County Council approves effort to ensure online safety of King County residents

Story

The Metropolitan King County today gave its unanimous approval to a motion urging the King County Sheriff to study ways to protect the public from an emerging trend in our growing electronic society: cyberbullying.

“I am very pleased the County Council has acted on this motion to study the issue of cyberbullying and cyber predators in King County,” said Reagan Dunn, the sponsor of the motion. “It is critically important the County is prepared and has a plan in place to deal with this growing issue. This study will ensure the relevant authorities have a full understanding of the issue so we can better protect the residents of the county.”

“The internet is now linked to all types of criminal enterprise, including gang use for human trafficking,” said King County Sheriff Steve Strachan. “Predators and bullies are a threat to young and old. We need to take a look at what that means today in King County.”

The use of information and communications technologies to support deliberate, repeated and hostile behavior by and individual or group, that is intended to harm others, is considered to be cyberbullying. There is also the growing awareness of “cyber predators,” individuals using technology to hunt for potential victims to take advantage of sexually, emotionally, psychologically or financially. With the growth of social media, both cyberbullying and cyber predators are becoming a source of concern for law enforcement.

The online safety of residents of King County is part of the county’s Strategic Plan. One of the Justice and Safety priorities is keeping people safe in their homes and communities. The adopted motion advances that objective by asking King County Sheriff’s Office for a study of the impact of cyberbullying in King County and transmit a report on cyberbullying in unincorporated King County.

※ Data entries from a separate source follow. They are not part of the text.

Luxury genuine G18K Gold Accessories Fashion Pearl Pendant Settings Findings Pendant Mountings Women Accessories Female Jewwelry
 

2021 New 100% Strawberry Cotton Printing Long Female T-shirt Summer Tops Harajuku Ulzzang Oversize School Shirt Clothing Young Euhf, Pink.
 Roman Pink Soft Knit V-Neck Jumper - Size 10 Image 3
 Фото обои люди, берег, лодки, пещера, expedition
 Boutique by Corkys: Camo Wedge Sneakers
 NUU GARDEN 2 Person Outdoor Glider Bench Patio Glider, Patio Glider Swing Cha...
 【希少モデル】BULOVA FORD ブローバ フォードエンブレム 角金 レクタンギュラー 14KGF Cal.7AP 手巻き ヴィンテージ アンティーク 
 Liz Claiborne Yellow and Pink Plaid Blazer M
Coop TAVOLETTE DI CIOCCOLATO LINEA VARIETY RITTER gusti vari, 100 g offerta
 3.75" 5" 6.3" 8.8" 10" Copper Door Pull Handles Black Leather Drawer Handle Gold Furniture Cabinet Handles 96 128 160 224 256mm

The report will include the annual number and status of investigations that are associated with cyberbullying in unincorporated King County and compare those numbers to national trends. It will also include the sheriff's approach toward the investigation and prevention of cyberbullying. The motion directs the sheriff to investigate if additional resources for training should be made available to support investigations of cyberbullying in unincorporated King County.